Work order — Write out every line below again exactly as it stands, skipping each image.

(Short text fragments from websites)
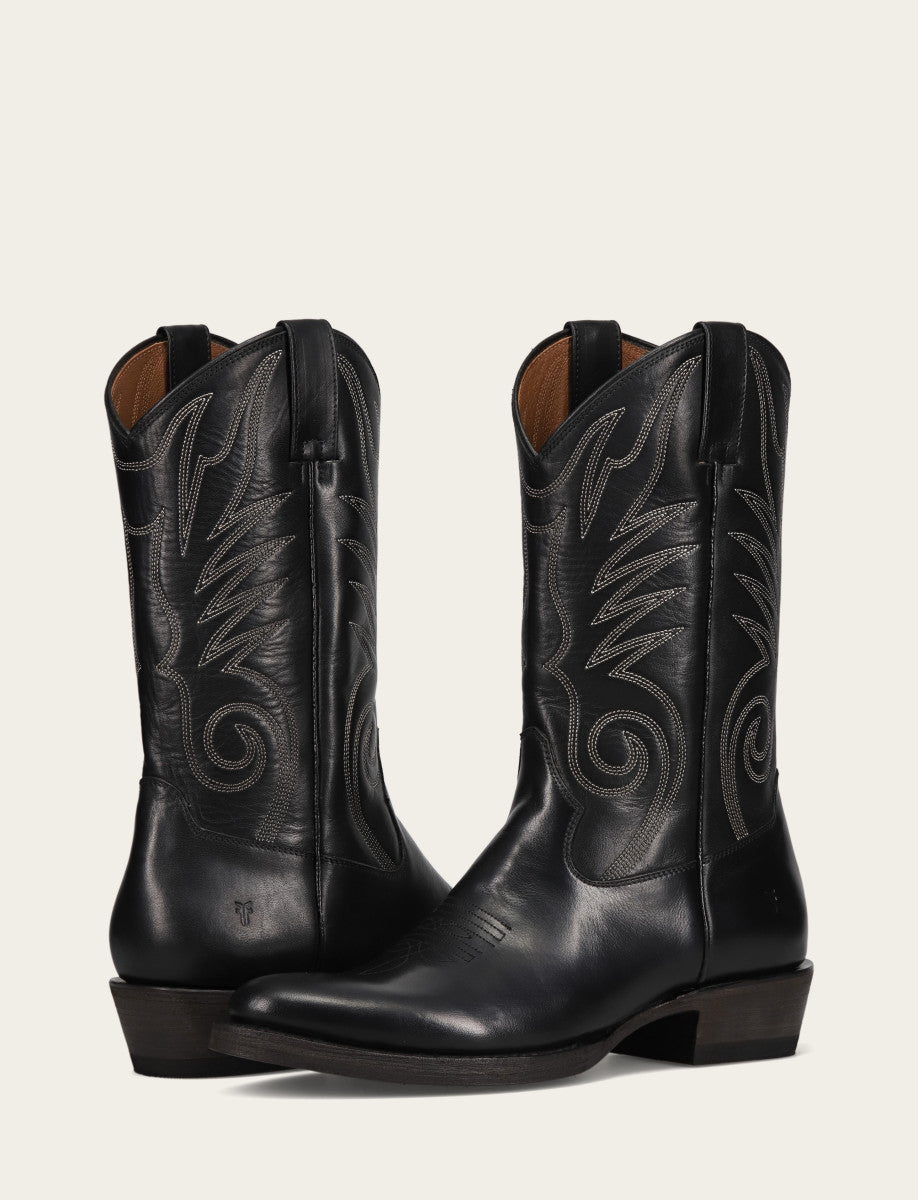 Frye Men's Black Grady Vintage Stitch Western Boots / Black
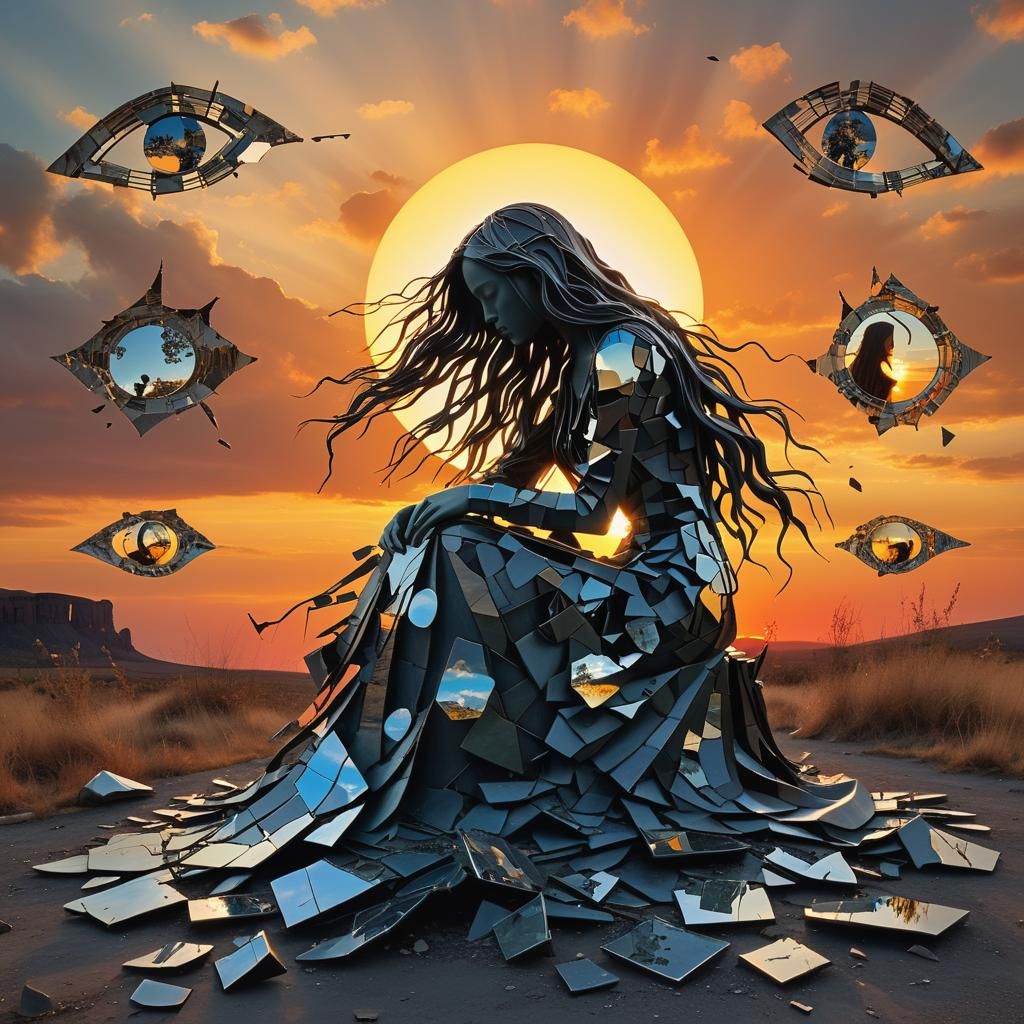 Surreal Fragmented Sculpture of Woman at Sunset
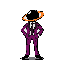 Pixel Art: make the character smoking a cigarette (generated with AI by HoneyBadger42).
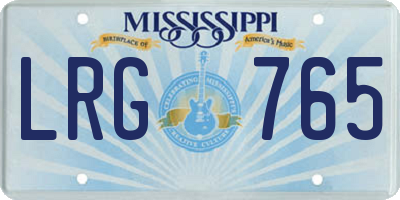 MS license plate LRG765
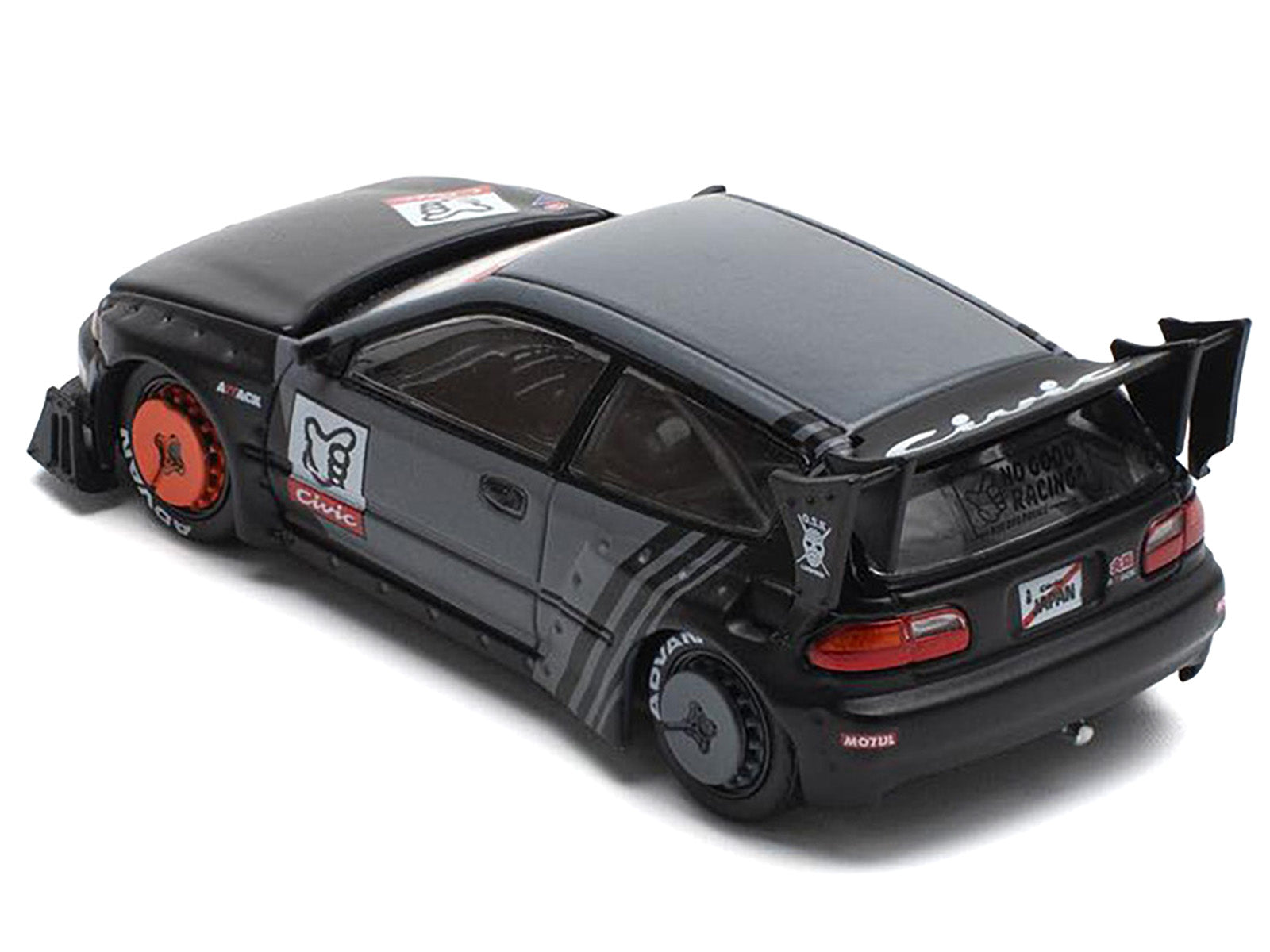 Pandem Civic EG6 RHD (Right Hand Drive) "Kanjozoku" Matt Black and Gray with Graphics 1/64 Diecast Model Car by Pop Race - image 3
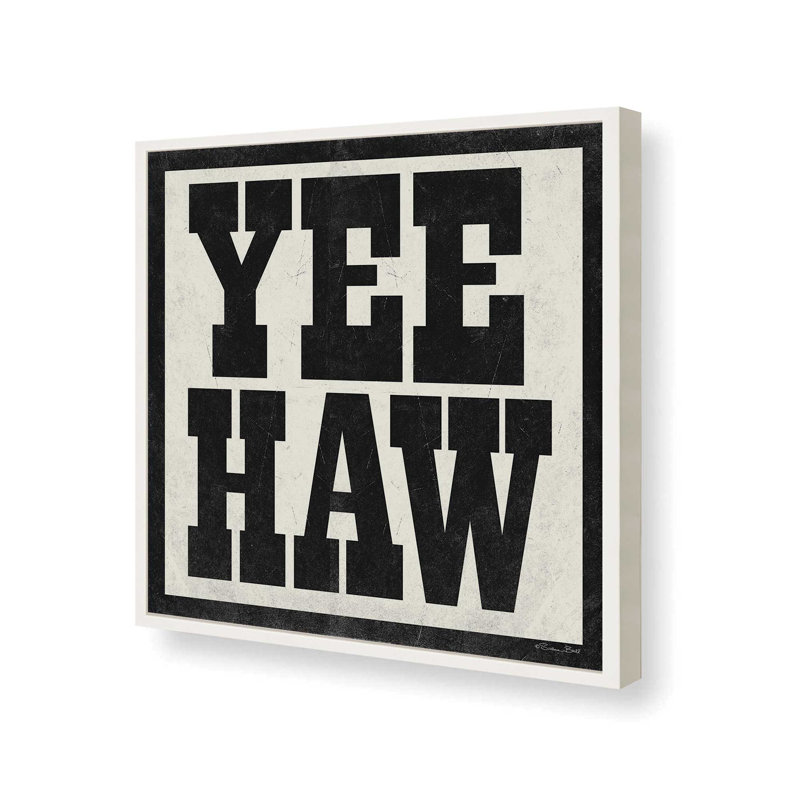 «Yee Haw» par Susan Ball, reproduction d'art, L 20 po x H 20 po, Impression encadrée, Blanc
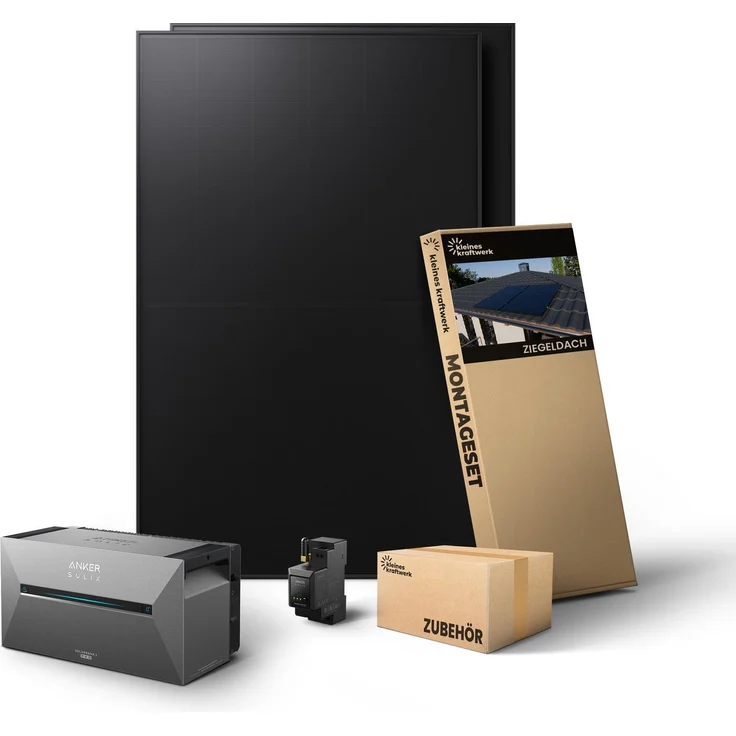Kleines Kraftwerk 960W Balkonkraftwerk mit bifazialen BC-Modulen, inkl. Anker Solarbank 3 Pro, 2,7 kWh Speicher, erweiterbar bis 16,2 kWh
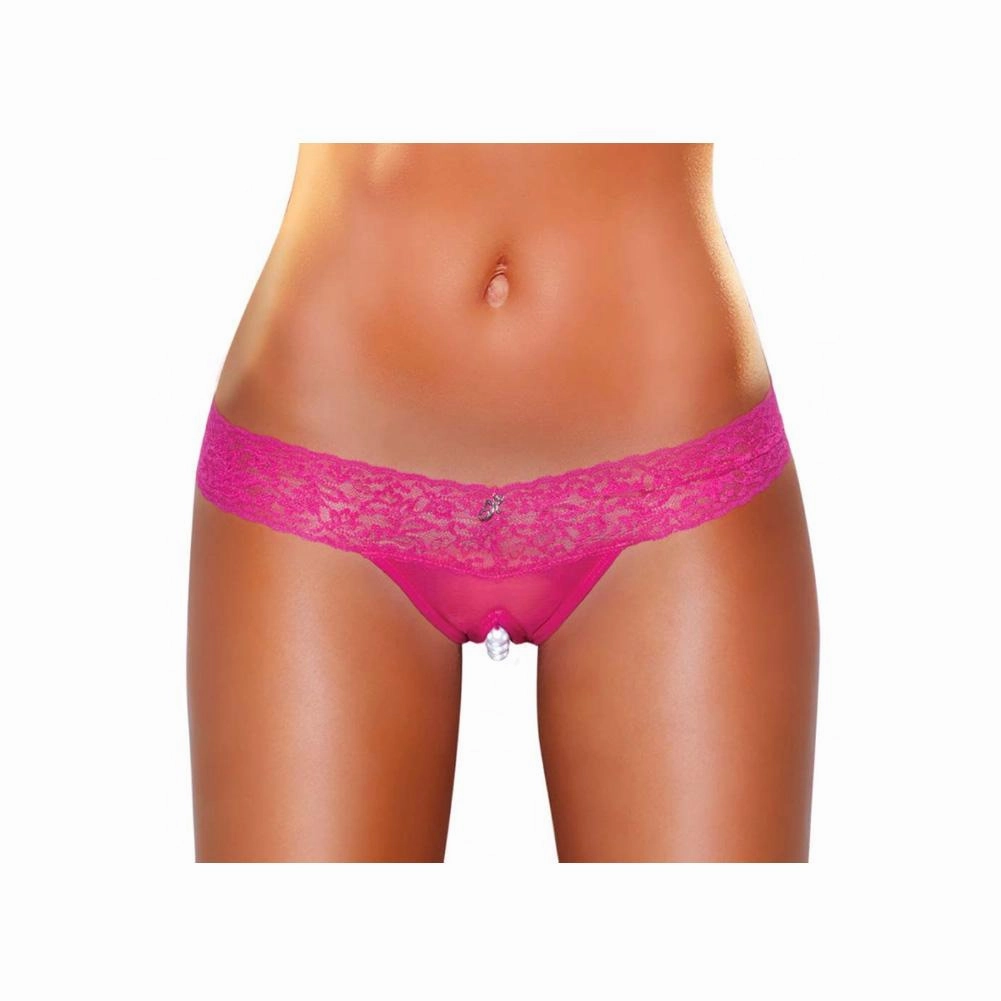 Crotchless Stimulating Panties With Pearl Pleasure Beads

Answer to the problem —
 Frye Men's Black Grady Vintage Stitch Western Boots / Black
 Surreal Fragmented Sculpture of Woman at Sunset
 Pixel Art: make the character smoking a cigarette (generated with AI by HoneyBadger42).
 MS license plate LRG765
 Pandem Civic EG6 RHD (Right Hand Drive) "Kanjozoku" Matt Black and Gray with Graphics 1/64 Diecast Model Car by Pop Race - image 3
 «Yee Haw» par Susan Ball, reproduction d'art, L 20 po x H 20 po, Impression encadrée, Blanc
Kleines Kraftwerk 960W Balkonkraftwerk mit bifazialen BC-Modulen, inkl. Anker Solarbank 3 Pro, 2,7 kWh Speicher, erweiterbar bis 16,2 kWh
 Crotchless Stimulating Panties With Pearl Pleasure Beads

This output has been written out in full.